In his claim that racism is the original and irredeemable sin of Republicans, Tanenhaus sets up the contrast to “the civil rights pageantry of the [Obama second] inauguration—Abraham Lincoln’s Bible and Martin Luther King’s, Justice Sonia Sotomayor’s swearing in of Joe Biden, Beyoncé’s slinky glamor [sic], the verses read by the gay Cuban poet Richard Blanco.”
In his enthusiasm, Tanenhaus missed the irony of using the word “pageantry,” which the dictionary defines as “mere show” or “an ostentatious display,” even as he indicts the GOP for its “history of long-standing indifference, at times outright hostility, to the nation’s diverse constituencies—blacks, women, Latinos, Asians, gays.”
Perhaps it was the lilting lines of Blanco’s inaugural poem, “All of us as vital as the one light we move through / the same light on blackboards with lessons for the day: equations to solve. . . .” that to Tanenaus conveyed “an assertion of Democratic solidarity.”
Like many other white liberals, he lectures the blacks, women, Latinos, Asians, and gays who vote Republican by presumably giving them a history lesson on John C. Calhoun, vice president under Andrew Jackson.

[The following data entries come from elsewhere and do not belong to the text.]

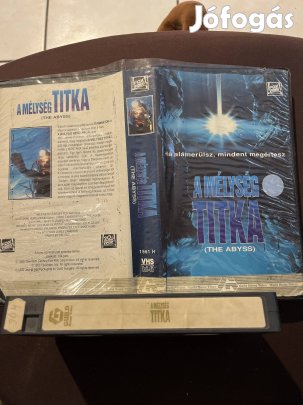 A mélység titka vhs guild fantasy. 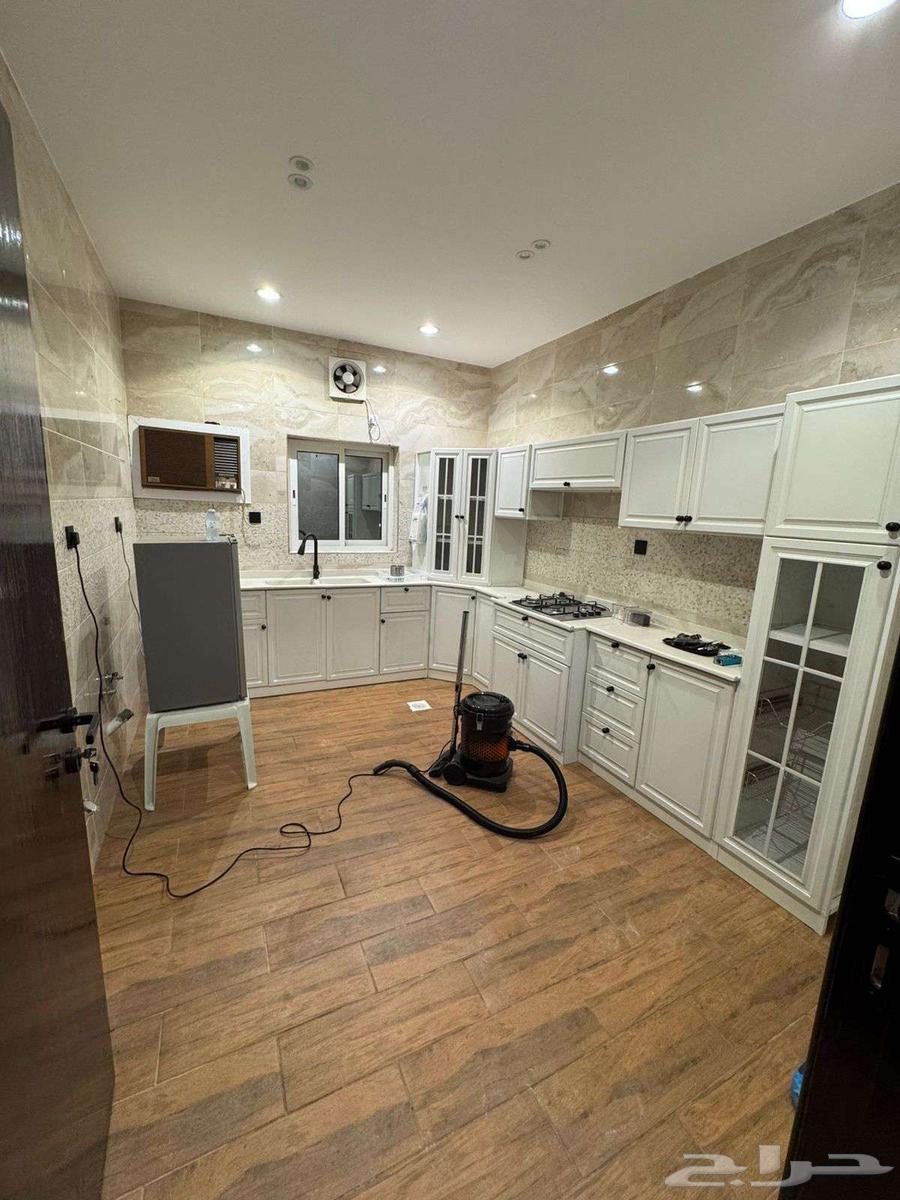 شقة 1 غرف في الفروسية 9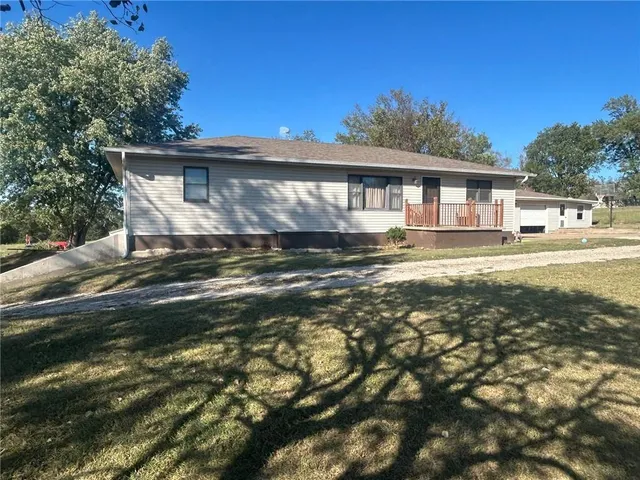$372,500 | 2317 Maple Road, Fort Scott, KS 66701
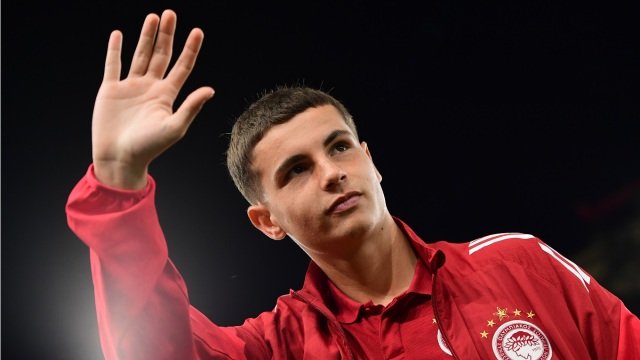 Ολυμπιακός: Ο Χρήστος Μουζακίτης αρέσει στην Άρσεναλ και στις Μάντσεστερ Γιουνάιτεντ, Μπράιτον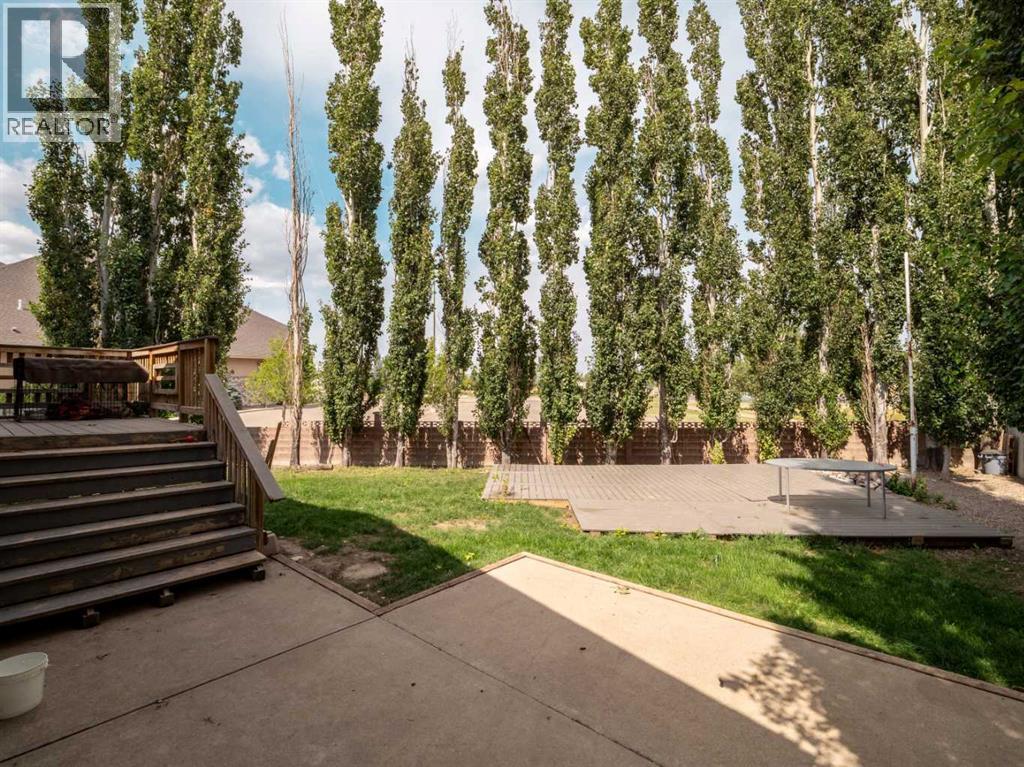 204 Mt Rundle Road W - 38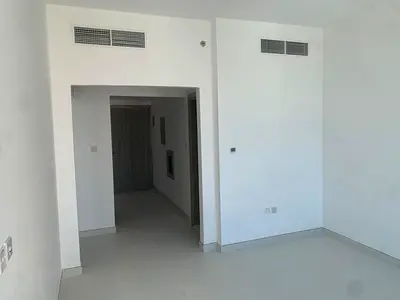 ✨ للإيجار السنوي – غرفة وصالة أول ساكن في القليعة | الشارقة ✨🏡 فرصة لا تعوض للسكن الراقي 👌  شقة غرفة وصالة – أول ساكن داخل تاور جديد بالكامل في موقع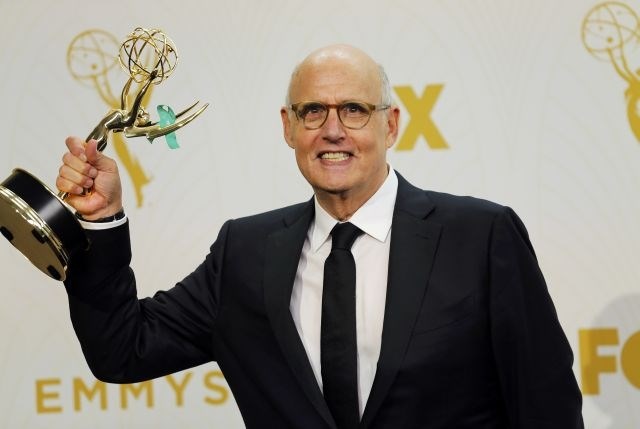 Jeffrey Tambor je nagrado za vlogo v Transparent posvetil skupnosti transseksualcev. (Foto: Reuters)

To Calhoun’s ideas of nullification (code for the right to own slaves) Tanenhaus links today’s “resisters—most glaringly Tea Partiers.” Today’s “most recent immigrants,” according to Tanenhaus, sense the “’hidden hand’ of Calhoun’s style of dissent, the extended lineage of rearguard politics, with its aggrieved call, heard so often today, ‘to take back America.’” This is all part of the lingering infatuation with the ‘lost cause.” Even “a new cast of GOP leaders—Ted Cruz, Nikki Haley, Bobby Jindal, Marco Rubio” have become “tethered to movement ideology.” Cruz, especially because he urged a “partial government shutdown” at the recent National Review Institute conference, cannot understand how his participation harkens back to the segregationist policies of Calhoun, George Wallace, and Barry Goldwater, who resisted the inevitable ushering in of the “egalitarian” one-party system of big government and majority rule.